▶ _Task directions_
After finding the line that holds "28 Free Wedding Icons" below, set down that line and the rest through the final one exactly, leaving the pictures out.

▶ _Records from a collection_
————————

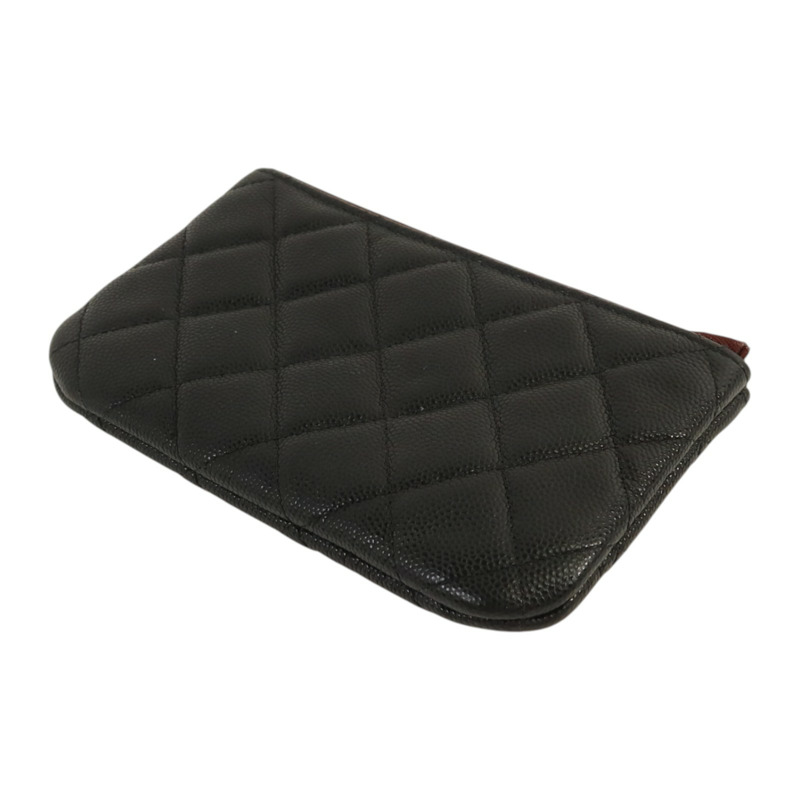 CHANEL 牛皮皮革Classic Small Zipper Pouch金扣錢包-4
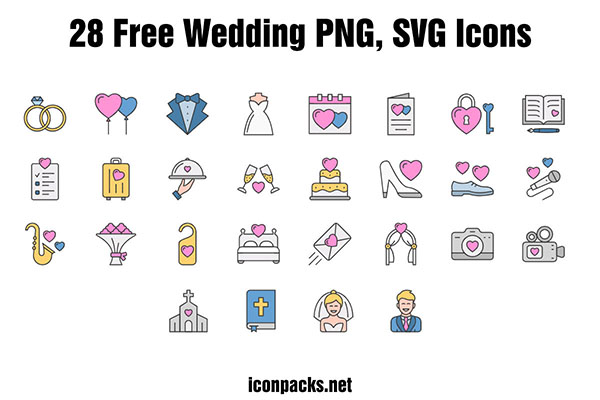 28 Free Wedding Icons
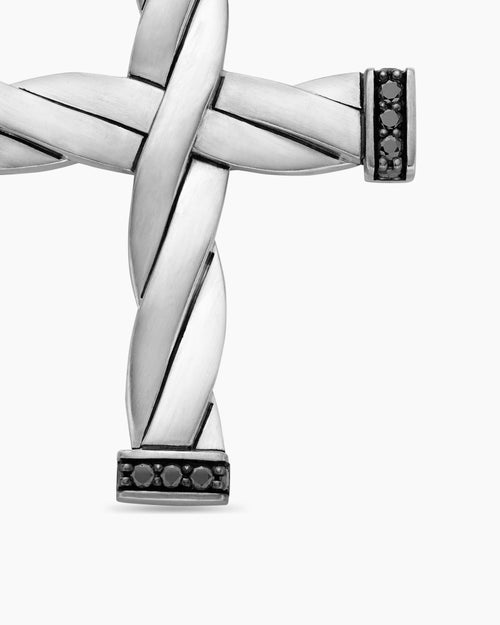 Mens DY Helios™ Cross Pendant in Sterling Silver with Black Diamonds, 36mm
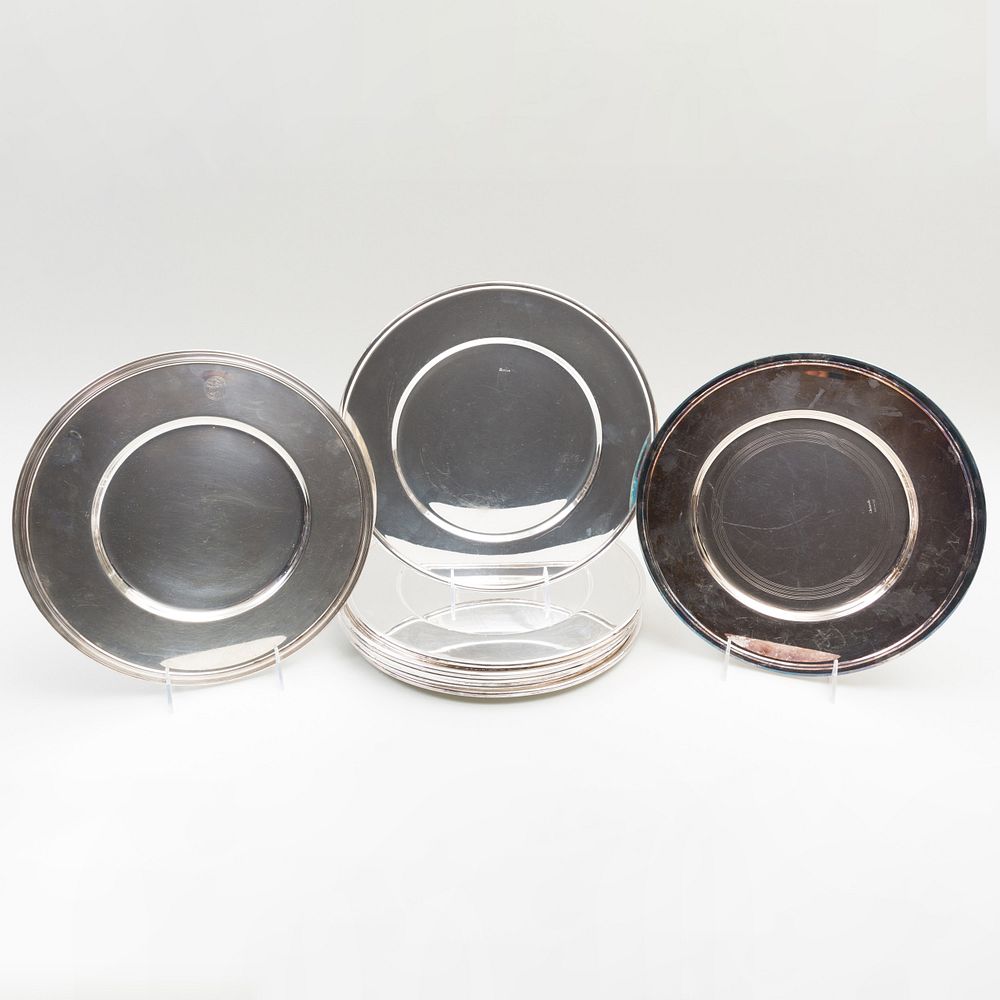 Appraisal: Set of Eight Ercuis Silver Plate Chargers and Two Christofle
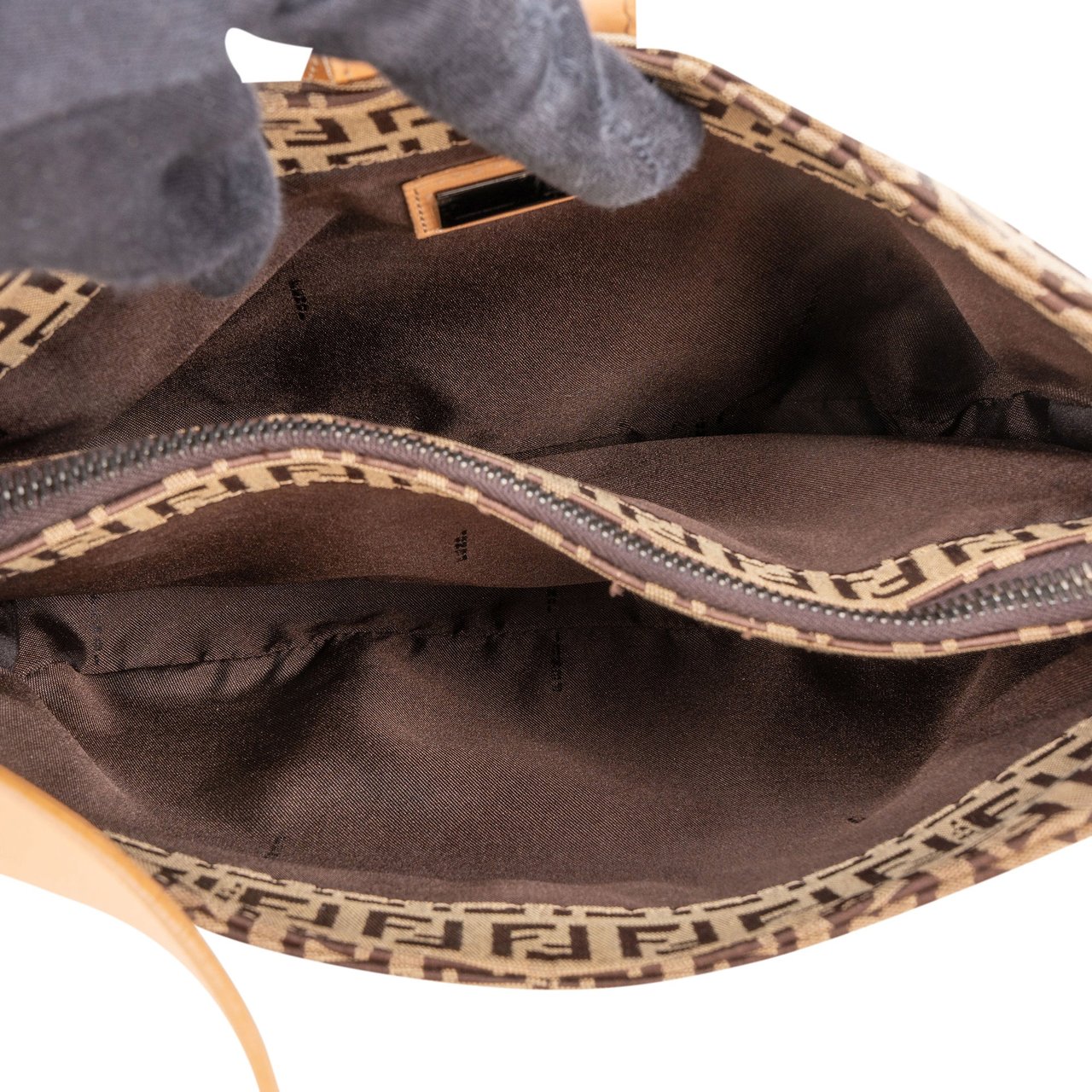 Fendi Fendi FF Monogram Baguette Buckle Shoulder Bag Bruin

————————

▶ _Answer area_
 28 Free Wedding Icons
 Mens DY Helios™ Cross Pendant in Sterling Silver with Black Diamonds, 36mm
 Appraisal: Set of Eight Ercuis Silver Plate Chargers and Two Christofle
 Fendi Fendi FF Monogram Baguette Buckle Shoulder Bag Bruin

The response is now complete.